Abstract Search

ISEF | Projects Database | Finalist Abstract

Back to Search Results | Print PDF

A Novel Method in Improving the Accuracy of Exoplanet Classification Using Machine Learning

Booth Id:
PHYS037

Category:
Physics and Astronomy

Year:
2023

Finalist Names:
Zhang, Brian (School: William G. Enloe High School)

Abstract:
Since the Kepler Space Telescope entered service in 2009, the data on exoplanets has increased significantly. Astronomers must manually analyze this data to identify which objects of interest are exoplanets, which is very time-consuming. Creating a method that precisely and accurately classifies exoplanet candidates is essential to advancing exoplanet research.

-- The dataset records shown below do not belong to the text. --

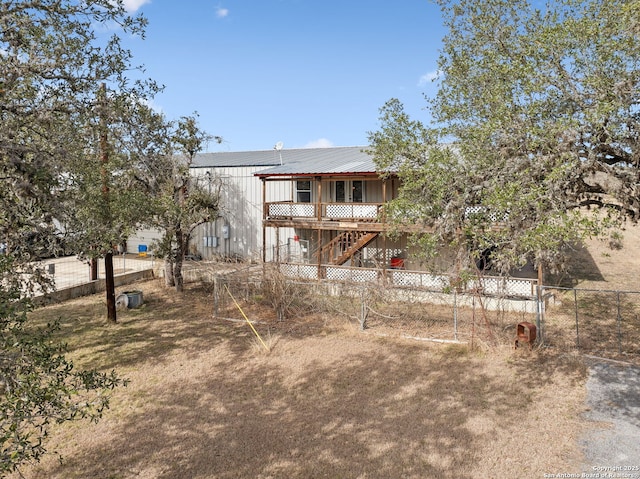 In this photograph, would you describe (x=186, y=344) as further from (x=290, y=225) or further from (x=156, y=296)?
(x=290, y=225)

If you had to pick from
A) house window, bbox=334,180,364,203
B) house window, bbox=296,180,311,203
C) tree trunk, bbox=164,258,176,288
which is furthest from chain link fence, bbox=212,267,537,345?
house window, bbox=296,180,311,203

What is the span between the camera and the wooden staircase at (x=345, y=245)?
20.7 meters

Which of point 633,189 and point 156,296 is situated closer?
point 633,189

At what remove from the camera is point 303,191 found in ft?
79.7

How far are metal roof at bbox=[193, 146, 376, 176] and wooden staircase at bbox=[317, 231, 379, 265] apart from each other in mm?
3169

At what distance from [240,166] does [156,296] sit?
10446mm

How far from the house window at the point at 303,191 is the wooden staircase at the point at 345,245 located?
3008mm

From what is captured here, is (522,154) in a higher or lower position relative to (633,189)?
higher

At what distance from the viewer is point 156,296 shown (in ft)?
62.6

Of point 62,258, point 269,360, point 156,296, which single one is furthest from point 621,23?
point 62,258

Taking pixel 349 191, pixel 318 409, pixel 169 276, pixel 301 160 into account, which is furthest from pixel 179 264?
pixel 318 409

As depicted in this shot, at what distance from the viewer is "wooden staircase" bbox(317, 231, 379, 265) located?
2065 centimetres

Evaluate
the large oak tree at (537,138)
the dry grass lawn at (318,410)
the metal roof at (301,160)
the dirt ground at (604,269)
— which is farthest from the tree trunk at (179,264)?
the dirt ground at (604,269)

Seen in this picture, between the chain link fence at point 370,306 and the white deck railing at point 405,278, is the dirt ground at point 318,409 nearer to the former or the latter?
the chain link fence at point 370,306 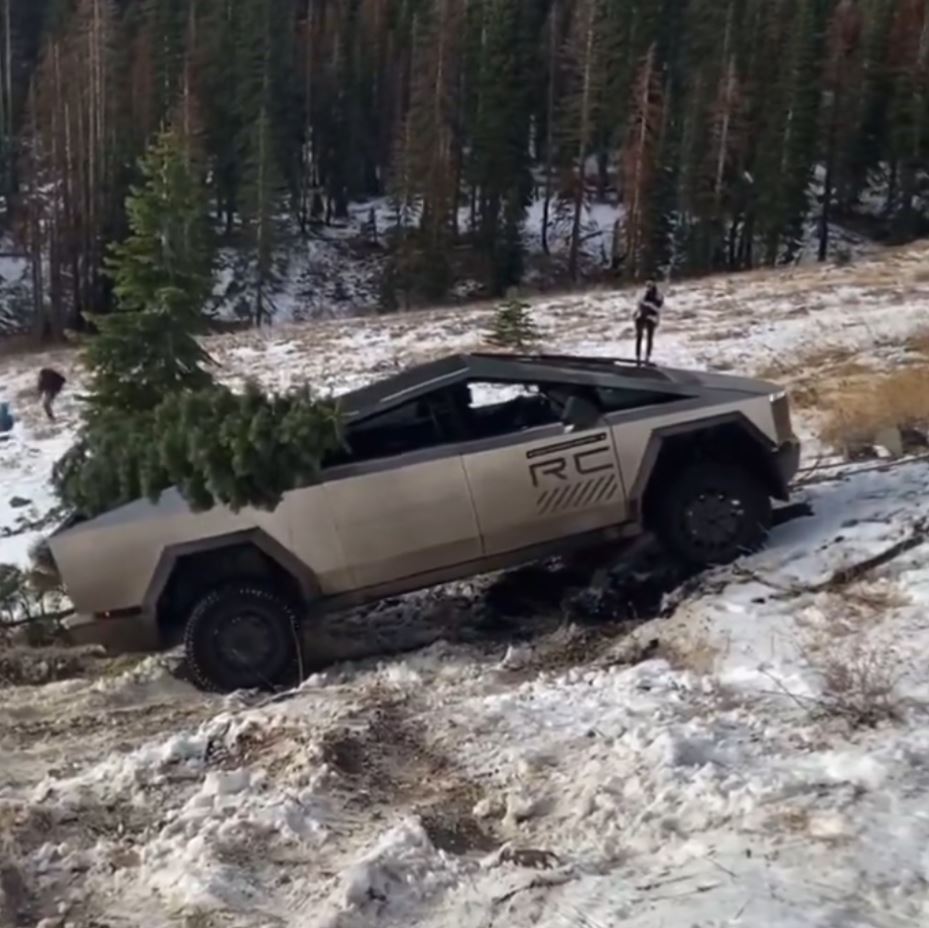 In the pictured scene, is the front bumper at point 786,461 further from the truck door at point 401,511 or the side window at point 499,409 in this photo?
the truck door at point 401,511

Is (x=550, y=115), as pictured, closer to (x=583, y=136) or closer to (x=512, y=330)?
(x=583, y=136)

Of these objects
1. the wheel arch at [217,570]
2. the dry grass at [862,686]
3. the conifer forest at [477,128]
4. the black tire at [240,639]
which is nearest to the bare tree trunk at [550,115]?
the conifer forest at [477,128]

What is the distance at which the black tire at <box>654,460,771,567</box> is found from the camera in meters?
7.84

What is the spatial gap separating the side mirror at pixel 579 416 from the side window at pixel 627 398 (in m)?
0.17

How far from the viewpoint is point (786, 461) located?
8.00m

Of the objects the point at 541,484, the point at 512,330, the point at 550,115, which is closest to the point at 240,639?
the point at 541,484

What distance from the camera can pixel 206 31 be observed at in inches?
2308

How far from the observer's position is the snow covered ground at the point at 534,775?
14.2ft

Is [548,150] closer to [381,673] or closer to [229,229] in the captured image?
[229,229]

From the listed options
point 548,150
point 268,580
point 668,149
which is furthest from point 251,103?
point 268,580

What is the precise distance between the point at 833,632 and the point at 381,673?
240cm

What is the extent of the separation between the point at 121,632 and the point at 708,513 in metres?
3.56

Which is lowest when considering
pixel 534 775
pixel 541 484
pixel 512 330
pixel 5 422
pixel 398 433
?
pixel 5 422

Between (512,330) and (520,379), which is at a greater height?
(520,379) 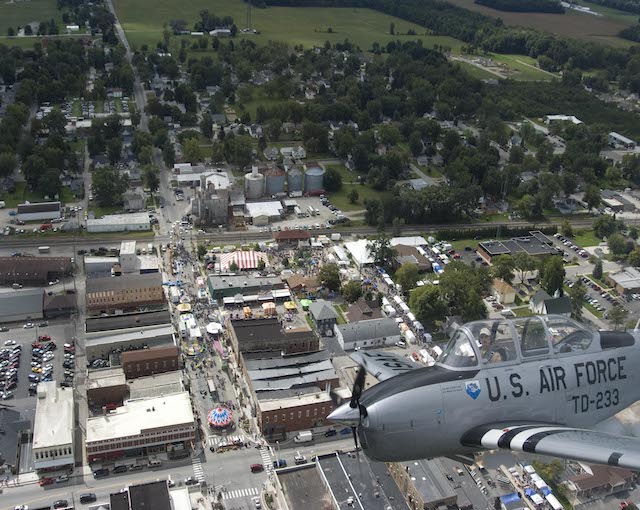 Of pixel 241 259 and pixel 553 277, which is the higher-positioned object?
pixel 553 277

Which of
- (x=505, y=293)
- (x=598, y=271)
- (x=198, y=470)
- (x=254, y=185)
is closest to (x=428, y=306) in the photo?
(x=505, y=293)

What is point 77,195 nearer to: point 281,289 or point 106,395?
point 281,289

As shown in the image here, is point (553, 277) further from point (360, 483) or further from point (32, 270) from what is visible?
point (32, 270)

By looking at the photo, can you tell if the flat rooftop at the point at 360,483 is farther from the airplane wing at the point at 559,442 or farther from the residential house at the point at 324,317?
the airplane wing at the point at 559,442

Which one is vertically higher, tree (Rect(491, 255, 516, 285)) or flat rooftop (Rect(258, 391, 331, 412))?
tree (Rect(491, 255, 516, 285))

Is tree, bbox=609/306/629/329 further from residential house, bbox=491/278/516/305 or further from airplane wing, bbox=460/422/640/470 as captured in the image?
airplane wing, bbox=460/422/640/470

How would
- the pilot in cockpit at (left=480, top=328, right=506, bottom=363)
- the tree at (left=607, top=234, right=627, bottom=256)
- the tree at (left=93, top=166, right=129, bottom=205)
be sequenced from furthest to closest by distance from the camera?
the tree at (left=93, top=166, right=129, bottom=205)
the tree at (left=607, top=234, right=627, bottom=256)
the pilot in cockpit at (left=480, top=328, right=506, bottom=363)

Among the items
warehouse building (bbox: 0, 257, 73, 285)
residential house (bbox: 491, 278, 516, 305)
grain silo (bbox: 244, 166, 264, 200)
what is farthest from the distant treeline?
warehouse building (bbox: 0, 257, 73, 285) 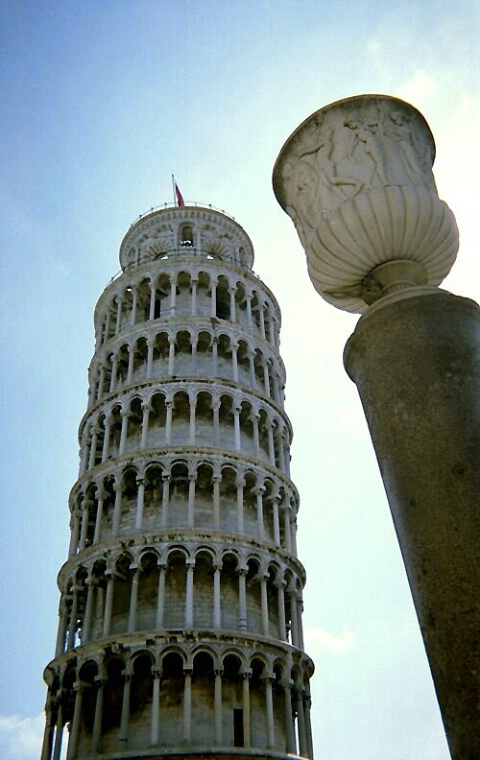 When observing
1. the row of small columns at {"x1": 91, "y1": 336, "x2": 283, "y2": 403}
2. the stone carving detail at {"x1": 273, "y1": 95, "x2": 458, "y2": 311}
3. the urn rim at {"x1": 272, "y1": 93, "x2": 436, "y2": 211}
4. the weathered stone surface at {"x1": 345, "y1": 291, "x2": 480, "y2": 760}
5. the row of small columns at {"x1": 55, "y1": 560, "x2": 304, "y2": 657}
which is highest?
the row of small columns at {"x1": 91, "y1": 336, "x2": 283, "y2": 403}

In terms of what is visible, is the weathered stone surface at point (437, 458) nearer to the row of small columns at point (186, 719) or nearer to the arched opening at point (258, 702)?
the row of small columns at point (186, 719)

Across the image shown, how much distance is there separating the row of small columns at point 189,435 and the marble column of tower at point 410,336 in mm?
20719

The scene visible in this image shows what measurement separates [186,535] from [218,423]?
485cm

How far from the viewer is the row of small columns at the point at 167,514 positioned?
73.6ft

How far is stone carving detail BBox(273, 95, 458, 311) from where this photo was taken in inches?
126

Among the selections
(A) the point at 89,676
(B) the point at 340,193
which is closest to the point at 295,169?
(B) the point at 340,193

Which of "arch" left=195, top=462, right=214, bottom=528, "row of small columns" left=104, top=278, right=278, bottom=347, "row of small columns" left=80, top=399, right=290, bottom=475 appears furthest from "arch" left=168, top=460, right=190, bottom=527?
"row of small columns" left=104, top=278, right=278, bottom=347

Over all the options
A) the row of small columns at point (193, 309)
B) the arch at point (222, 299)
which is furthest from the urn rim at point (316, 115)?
the arch at point (222, 299)

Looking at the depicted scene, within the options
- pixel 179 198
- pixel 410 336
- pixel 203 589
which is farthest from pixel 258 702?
pixel 179 198

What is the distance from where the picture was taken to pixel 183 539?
21.6 metres

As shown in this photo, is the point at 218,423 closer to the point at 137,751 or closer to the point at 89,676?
the point at 89,676

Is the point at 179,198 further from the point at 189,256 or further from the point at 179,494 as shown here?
the point at 179,494

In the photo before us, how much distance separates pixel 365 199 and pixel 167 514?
20.1 metres

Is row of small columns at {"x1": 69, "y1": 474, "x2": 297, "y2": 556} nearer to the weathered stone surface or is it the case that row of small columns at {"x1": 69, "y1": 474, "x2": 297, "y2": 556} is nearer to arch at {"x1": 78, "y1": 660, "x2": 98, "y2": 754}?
arch at {"x1": 78, "y1": 660, "x2": 98, "y2": 754} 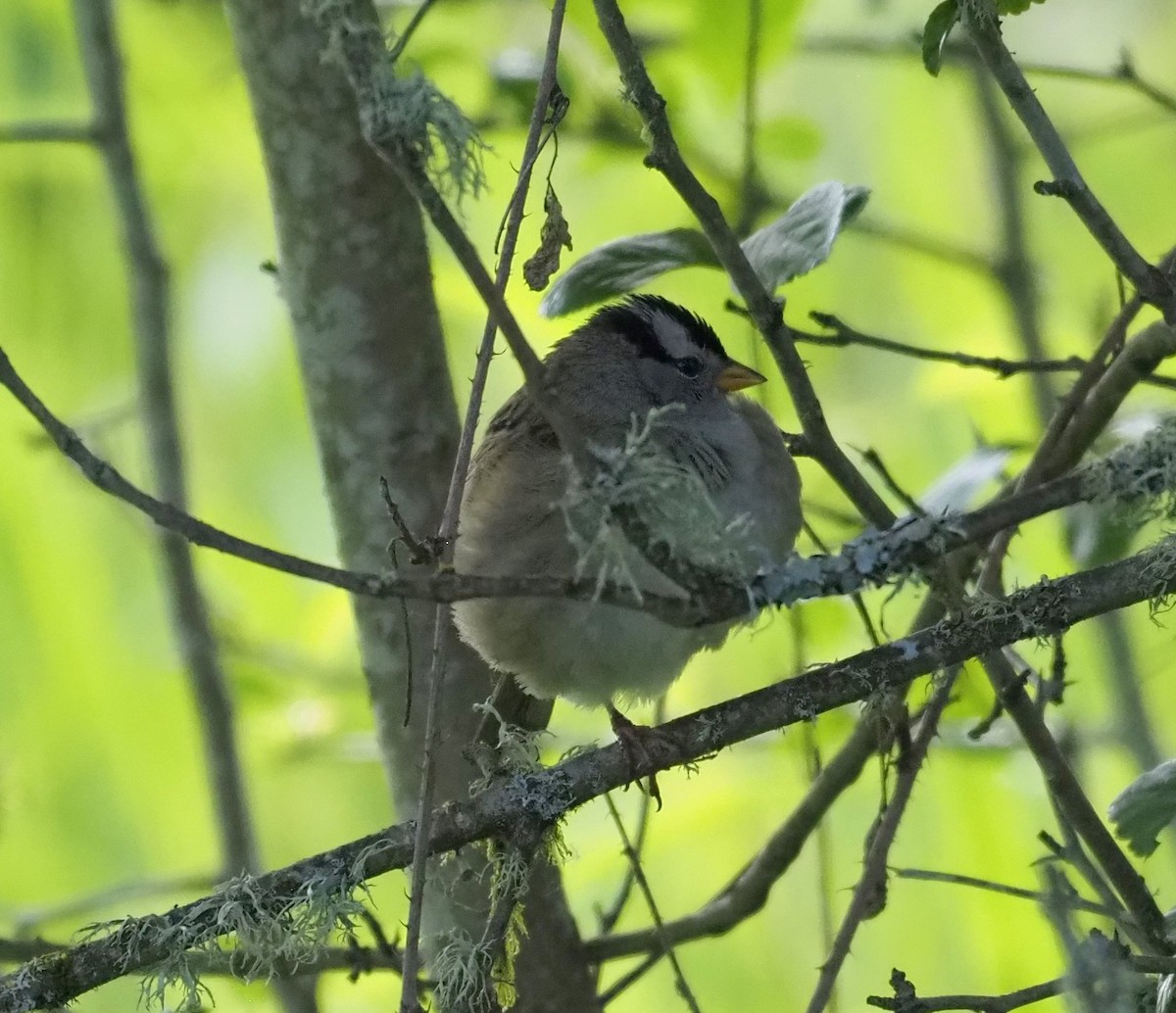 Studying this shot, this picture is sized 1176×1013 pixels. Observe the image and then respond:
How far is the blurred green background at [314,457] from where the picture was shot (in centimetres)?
232

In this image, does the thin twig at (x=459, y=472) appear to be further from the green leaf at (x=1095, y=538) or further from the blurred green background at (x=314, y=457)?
the blurred green background at (x=314, y=457)

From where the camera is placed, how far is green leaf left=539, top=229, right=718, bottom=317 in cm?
136

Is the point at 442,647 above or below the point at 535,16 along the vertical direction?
below

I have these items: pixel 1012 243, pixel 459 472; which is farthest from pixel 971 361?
pixel 1012 243

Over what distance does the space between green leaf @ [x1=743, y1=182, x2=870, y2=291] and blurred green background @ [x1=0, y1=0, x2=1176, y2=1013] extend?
2.96 feet

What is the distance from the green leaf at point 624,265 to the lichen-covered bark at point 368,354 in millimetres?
268

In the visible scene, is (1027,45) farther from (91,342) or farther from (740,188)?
(91,342)

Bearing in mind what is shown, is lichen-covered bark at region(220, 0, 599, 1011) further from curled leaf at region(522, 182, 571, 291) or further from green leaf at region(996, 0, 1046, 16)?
green leaf at region(996, 0, 1046, 16)

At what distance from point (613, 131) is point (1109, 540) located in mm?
888

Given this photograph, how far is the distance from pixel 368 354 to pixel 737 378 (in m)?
0.48

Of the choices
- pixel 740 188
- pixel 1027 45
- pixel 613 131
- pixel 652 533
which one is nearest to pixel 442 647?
pixel 652 533

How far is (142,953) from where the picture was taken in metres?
1.17

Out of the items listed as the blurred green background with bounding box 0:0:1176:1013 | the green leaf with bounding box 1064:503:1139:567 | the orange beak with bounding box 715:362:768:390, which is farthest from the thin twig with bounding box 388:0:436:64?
the green leaf with bounding box 1064:503:1139:567

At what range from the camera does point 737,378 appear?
5.98ft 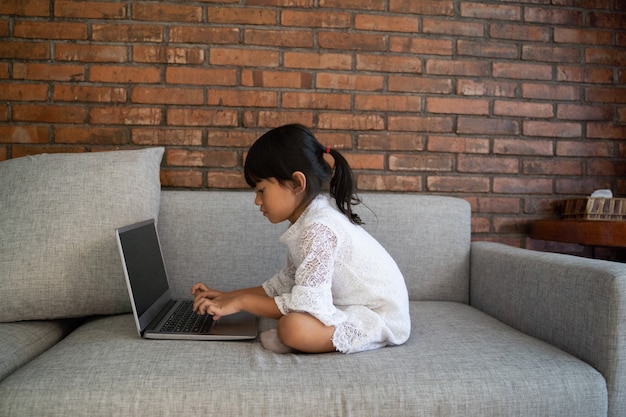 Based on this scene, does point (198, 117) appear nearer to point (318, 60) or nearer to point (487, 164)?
point (318, 60)

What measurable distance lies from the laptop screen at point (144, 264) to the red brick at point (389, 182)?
2.90 ft

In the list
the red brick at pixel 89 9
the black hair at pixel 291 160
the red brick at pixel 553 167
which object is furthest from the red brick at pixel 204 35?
the red brick at pixel 553 167

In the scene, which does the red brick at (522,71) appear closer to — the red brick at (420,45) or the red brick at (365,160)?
the red brick at (420,45)

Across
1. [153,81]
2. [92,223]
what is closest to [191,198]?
[92,223]

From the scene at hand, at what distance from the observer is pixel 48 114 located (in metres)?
1.91

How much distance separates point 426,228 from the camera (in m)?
1.81

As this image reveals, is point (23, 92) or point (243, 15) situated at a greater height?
point (243, 15)

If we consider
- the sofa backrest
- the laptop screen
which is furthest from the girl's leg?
the sofa backrest

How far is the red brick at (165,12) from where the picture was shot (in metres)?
1.92

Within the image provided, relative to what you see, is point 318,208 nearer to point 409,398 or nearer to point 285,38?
point 409,398

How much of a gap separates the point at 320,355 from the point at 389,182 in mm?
1040

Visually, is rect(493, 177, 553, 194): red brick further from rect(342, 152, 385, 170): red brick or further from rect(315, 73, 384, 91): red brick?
rect(315, 73, 384, 91): red brick

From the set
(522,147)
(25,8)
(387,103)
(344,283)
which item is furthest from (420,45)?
(25,8)

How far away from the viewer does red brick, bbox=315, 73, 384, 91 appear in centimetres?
199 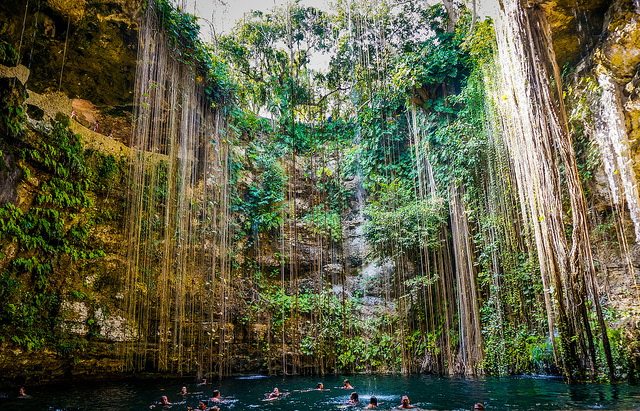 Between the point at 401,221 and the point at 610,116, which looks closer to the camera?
the point at 610,116

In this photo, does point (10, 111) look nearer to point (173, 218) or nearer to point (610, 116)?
point (173, 218)

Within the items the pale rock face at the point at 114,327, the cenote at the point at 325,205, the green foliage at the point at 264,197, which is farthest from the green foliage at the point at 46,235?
the green foliage at the point at 264,197

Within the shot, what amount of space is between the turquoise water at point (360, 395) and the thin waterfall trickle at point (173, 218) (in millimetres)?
954

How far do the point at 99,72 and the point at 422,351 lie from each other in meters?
10.1

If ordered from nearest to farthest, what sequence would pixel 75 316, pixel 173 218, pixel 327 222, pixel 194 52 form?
pixel 75 316, pixel 194 52, pixel 173 218, pixel 327 222

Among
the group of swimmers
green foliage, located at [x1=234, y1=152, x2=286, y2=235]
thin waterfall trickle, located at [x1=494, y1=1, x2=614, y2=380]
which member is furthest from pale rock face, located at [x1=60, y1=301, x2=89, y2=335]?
thin waterfall trickle, located at [x1=494, y1=1, x2=614, y2=380]

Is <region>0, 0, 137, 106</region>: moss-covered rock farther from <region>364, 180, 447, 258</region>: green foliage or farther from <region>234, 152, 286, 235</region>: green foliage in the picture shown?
<region>364, 180, 447, 258</region>: green foliage

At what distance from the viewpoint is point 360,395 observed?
22.4 ft

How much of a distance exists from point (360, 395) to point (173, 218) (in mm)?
6044

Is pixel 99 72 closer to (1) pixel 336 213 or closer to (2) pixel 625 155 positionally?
(1) pixel 336 213

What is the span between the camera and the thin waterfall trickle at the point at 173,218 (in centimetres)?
836

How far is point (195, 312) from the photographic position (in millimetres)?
9648

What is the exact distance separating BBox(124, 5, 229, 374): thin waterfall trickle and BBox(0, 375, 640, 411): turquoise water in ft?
3.13

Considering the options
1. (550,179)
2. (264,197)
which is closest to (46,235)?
(264,197) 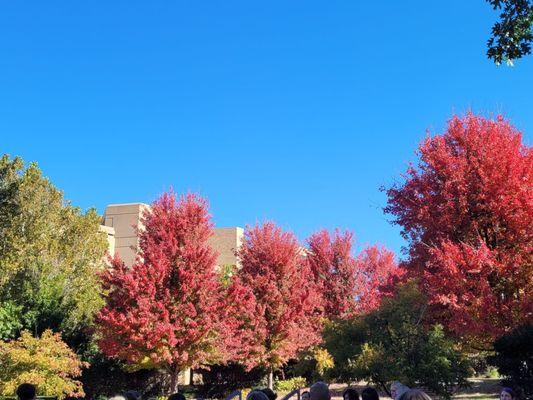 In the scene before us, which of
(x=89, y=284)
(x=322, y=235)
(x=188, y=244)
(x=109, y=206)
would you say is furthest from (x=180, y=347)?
(x=109, y=206)

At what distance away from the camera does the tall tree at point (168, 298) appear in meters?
18.5

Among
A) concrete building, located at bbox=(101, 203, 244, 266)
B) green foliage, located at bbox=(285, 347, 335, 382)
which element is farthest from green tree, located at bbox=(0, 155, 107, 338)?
concrete building, located at bbox=(101, 203, 244, 266)

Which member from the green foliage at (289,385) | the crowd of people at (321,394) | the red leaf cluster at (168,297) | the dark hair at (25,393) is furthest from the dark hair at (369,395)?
the green foliage at (289,385)

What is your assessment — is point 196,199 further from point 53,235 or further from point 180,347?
point 53,235

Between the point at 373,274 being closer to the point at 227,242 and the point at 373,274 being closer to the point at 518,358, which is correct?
the point at 227,242

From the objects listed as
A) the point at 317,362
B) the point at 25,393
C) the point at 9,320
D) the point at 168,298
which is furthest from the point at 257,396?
the point at 9,320

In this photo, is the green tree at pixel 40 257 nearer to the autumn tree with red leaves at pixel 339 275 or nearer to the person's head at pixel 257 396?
the autumn tree with red leaves at pixel 339 275

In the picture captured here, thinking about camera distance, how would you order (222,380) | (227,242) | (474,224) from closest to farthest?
(474,224)
(222,380)
(227,242)

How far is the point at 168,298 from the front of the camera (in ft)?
63.6

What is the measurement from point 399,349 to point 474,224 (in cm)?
488

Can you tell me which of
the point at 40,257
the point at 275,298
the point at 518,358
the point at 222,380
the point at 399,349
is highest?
the point at 40,257

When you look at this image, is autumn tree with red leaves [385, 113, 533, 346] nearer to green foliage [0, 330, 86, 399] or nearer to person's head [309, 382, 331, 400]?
person's head [309, 382, 331, 400]

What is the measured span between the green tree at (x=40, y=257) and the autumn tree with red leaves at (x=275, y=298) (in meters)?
8.13

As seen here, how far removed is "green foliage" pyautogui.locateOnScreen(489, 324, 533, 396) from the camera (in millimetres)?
11188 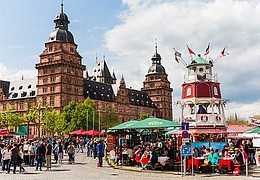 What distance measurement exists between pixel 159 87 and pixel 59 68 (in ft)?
184

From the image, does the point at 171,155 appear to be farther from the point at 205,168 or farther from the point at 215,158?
the point at 215,158

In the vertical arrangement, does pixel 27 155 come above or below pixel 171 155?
below

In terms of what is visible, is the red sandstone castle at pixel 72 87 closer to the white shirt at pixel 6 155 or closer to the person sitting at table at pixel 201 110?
the person sitting at table at pixel 201 110

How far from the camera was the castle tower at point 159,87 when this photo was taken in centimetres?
13338

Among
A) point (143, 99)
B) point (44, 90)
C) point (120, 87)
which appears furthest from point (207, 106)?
point (143, 99)

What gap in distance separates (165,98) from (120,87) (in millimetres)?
26310

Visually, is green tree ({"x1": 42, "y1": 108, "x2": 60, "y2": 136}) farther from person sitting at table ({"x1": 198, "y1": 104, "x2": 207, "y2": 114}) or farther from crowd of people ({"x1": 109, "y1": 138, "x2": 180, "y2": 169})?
crowd of people ({"x1": 109, "y1": 138, "x2": 180, "y2": 169})

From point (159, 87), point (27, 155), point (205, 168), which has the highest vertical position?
point (159, 87)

In this study, data from the Kepler Objects of Interest table was analyzed using six common machine learning models: Naive Bayes (NB), Logistic Regression (LR), K Nearest Neighbors (KNN), Random Forest (RF), Boosting Tree (BT), and Voiting Classification (VC). BT, RF, LR, and VC were all able to achieve F! scores above 90%. This study assessed various data preprocessing methods. Z-score normalization was used in tandem with imputation to deal with missing values and variations in the magnitude of the data. Normalization improved the metrics of the data, while imputation decreased the metrics. Feature importance was calculated using Gini impurity, and the most important features were transit light curve data and exoplanet orbit characteristics. Recursive Feature Elimination with Cross Validation (RFECV) was also used to help improve the metrics of the LR, RF, and BT models. Usage of RFECV showed improvements across all metrics and found the optimal number of metrics for LR, RF, and BT was 39, 28, and 26 features, respectively. This project demonstrates a novel method for improving the accuracy of exoplanet classification and proves that a comprehensive machine learning pipeline is essential to increasing the accuracy of exoplanet classification.